News Ocean Roar: India Begins Building Fleet of Nuclear Attack Submarines


Field Marshal
Field Marshal
Sep 24, 2017
India has kicked off their production of six new nuclear-powered attack submarines, which will greatly increase New Delhi’s naval power projection once completed

The secretive New Delhi program to build their own nuclear submarines was approved in February 2015. "It has kicked off and I will leave it at that. It is a classified project. The process has started," said Admiral Sunil Lanba, the top dog in the Indian Navy, on Friday.

At present, India has two nuclear-powered submarines: the domestically built INS Arihant and the INS Chakra, an Akula-class submarine that New Delhi has leased from Russia until 2022.

The new subs are part of the Make in India program, a key initiative of Prime Minister Narendra Modi to encourage both Indian and foreign companies to manufacture goods on the subcontinent.

One major part of Make in India is to reduce India's reliance on foreign powers in defense manufacturing. Much of the Indian military's armaments are manufactured elsewhere.

The program has met with mixed success: the Indian-made Nag anti-tank missile wowed in tests, while the homemade Akash surface-to-air missile has been a $4 billion disaster of a program that took over seven years to become operational.

They'll need the extra muscle if they want to butt heads with the People's Liberation Army-Navy (PLA-N). China-India relations have hit a half-century nadir after the world's two most populous nations nearly went to war over the disputed Doklam Plateau over the summer.

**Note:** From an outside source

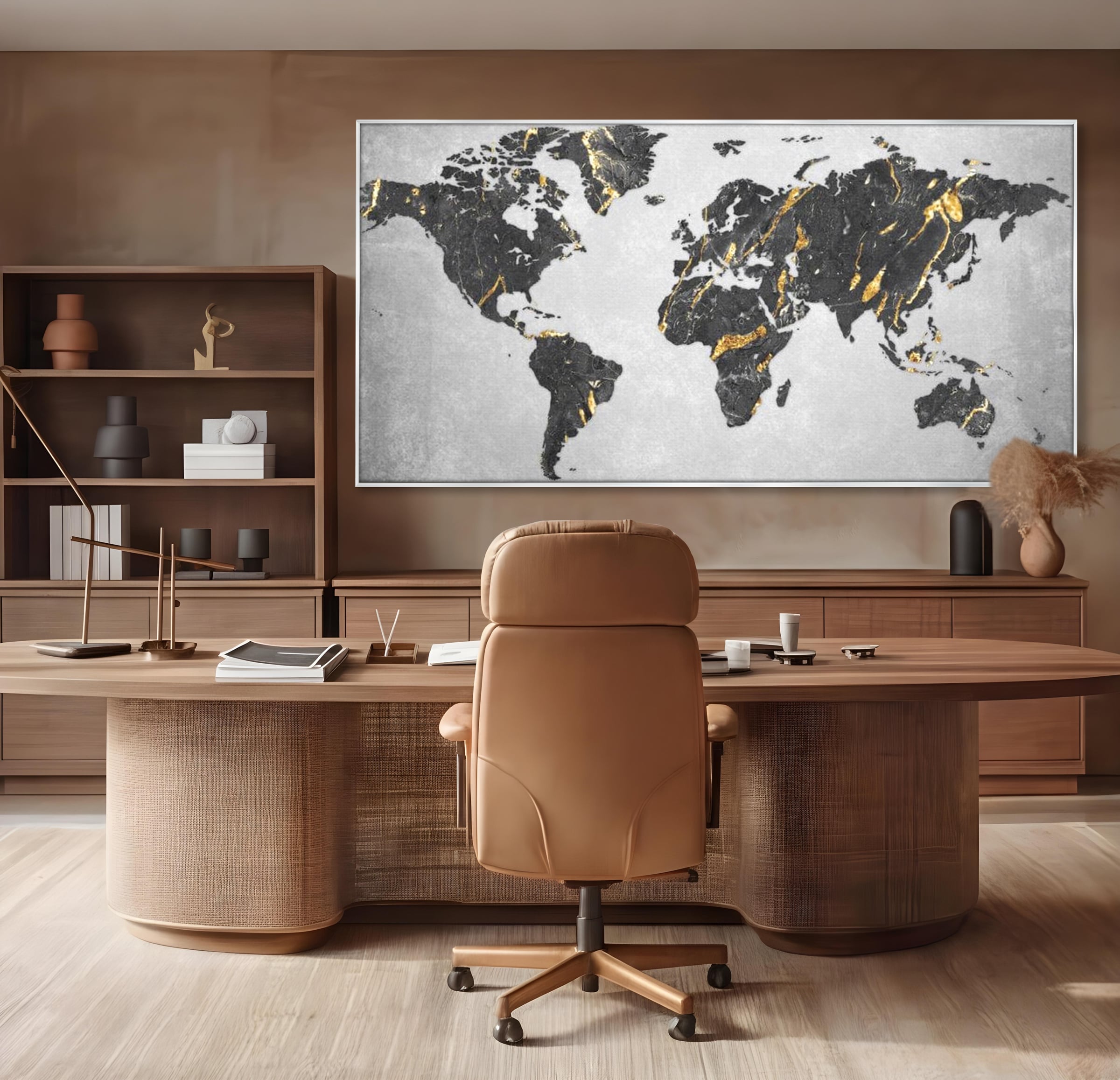 Tablou Canvas Premium, LuxCanva® L1006, Lumea in Marmura si Aur, Harta, Mapamond, Auriu, Negru, Lux, Marmura, Glam, Gold, Arta Murala, Contemporan, Minimalist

More recently, PLA-N warships have been deployed to the Pakistani port of Gwadar, which Lanba described as a "security challenge" that India would "mitigate."

Lanba added that the Indian Navy was ready to participate in the much-discussed quadrilateral coalition between India, the US, Japan and Australia. The four nations have strengthened ties in the face of a rising Beijing, with the US, Japan, and India cooperating during the July Malabar naval exercises that involved 18 warships.

Indian sailors walk beside Indian Navy ships, from left, INS Ranvijay (D55), a Rajput class destroyer, and INS Saptura, a Shivalik-class stealth multi-role frigate, as they arrive at Berth 15, South Harbour, in Manila, Philippines on Wednesday, June 12, 2013

"We are all aware of the prevailing security scenario in our maritime domain. The continued presence of both traditional and non-traditional threats in the maritime domain demand constant attention and robust mitigating measures," Lanba told reporters.

New Delhi intends to expand its area of naval operations as far west as the Gulf of Aden and conduct a series of operational readiness exercises in 2018. "The continued presence of both traditional and non-traditional threats in the maritime domain demand constant attention and robust mitigating measures," said Lanba.

While nuclear submarines are expensive to produce, they are far superior to conventional diesel-powered electric submarines. They are faster, more powerful, more versatile and have a wider range since they can stay underwater for much longer without needing to resurface and refuel or recharge. Their additional range and power also make them perfect to equip with ballistic missiles.